- Mar 2, 2015
- AFL Club
LOLyet 2016 Ohio State makes it despite not winning their division
2017 Alabama makes it despite not winning their division
2020 Notre Dame makes it despite losing their conference championship
And heck, this happened in the old BCS system too. 2011 Alabama made the natty despite not winning their division
selection is already cheapening it.
No, it isn't. You're just biased against the powerhouse colleges. You'd prefer to nitpick and make bogus claims those teams weren't deserving of a Top 4 place, rather than just admitting they are the best programs with the best resources, the best coaches, the best recruiting and the best players. One mid-season loss against another powerhouse college doesn't mean they're not top 4 worthy.
Notre Dame lost the ACC championship game and ordinarily, this would've been fatal, except there wasn't another legit top 4 contender.
Maybe Texas A&M... But if the Pac-12 or Big 12 had an undefeated champion (or even a 1 loss champion) they would've got in ahead of Notre Dame.
I agree the NCAAF is getting stale and monotonous with the same handful of teams competing in the playoffs every year. But this has nothing to do with the playoff format and everything to do with their recruiting and resources. That's a different discussion.And the amount of apathy in the game is growing as it becomes more and more monotonous. As much as an expanded playoff can give us an NDSU, or a Mount Union. It also gives everyone a chance.
^^ Watering down the playoffs is not going to fix that ^^
You did not address my main point: the current playoff format provides enormous interest throughout the college football season as teams negotiate their way through the minefield and attempt to remain undefeated in order to qualify for the Top 4. One loss and you are in big big trouble. Your fate is no longer in your own hands. You're relying on other teams to lose and for the playoff committee to look favourably upon your strength of schedule.
So in this sense, the playoffs actually begin in September and continue right through October, November and December.
INTENSE interest in every big game throughout the season.

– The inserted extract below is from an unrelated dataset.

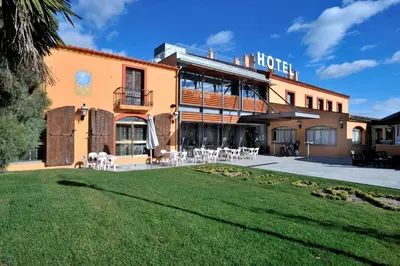 a hotel with a lawn in front of it at Hotel Restaurant Sol i Vi in Lavern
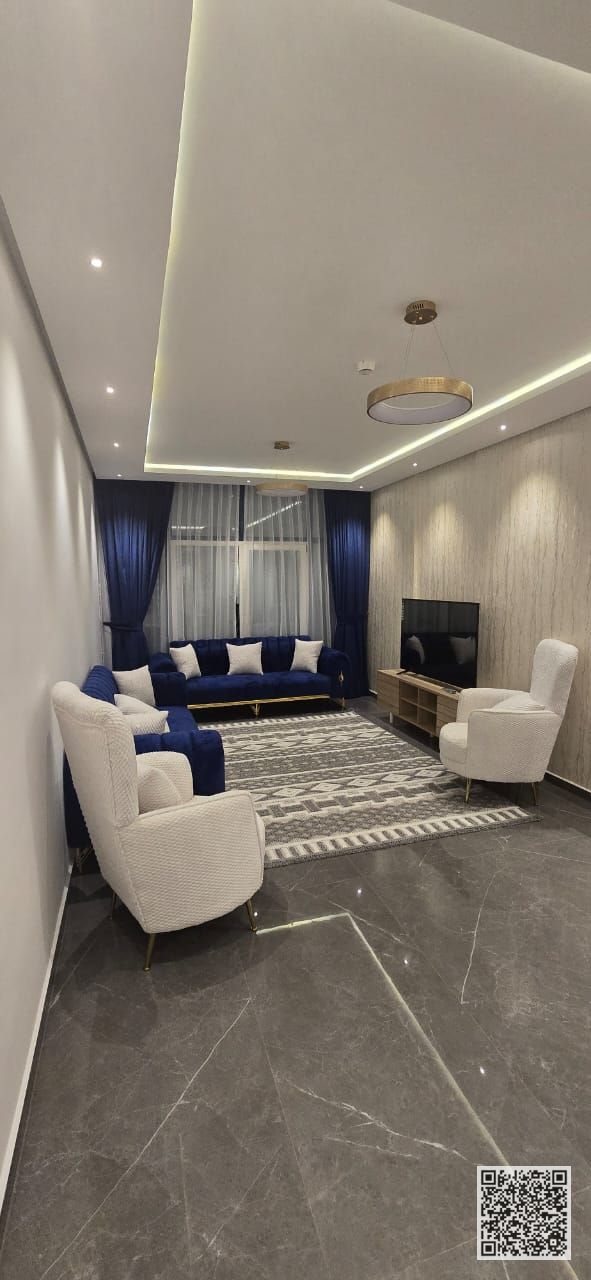 For monthly rent in Ajman, two-bedroom apartment with a balcony open view, fully furnished with elegant furniture and a fully equipped kitchen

But you would take all this away. You would prefer to make the season largely meaningless just so the 12th best team has a flukey chance of providing an upset in an expanded January tournament.
Meh... Who cares about cinderella teams? What are ya? A jaded sports reporter?Look at March Madness. The stories in the tourney are amazing.
Look at the 2017-18 Loyola-Ramblers team. 28-5 in the MVFC. Win their conference tourney, make it to the tourney, then rack off upset after upset and make the final 4.
Or in that very same year, seeing 16 seeded 24-10 UMBC take down the 31-2 Virginia team.
Or the 2005-06 George Mason team making the final 4
Or the 2010-12 Butler teams making the title game
I'd happily take 2-3 more blowouts if I get a cinderella team.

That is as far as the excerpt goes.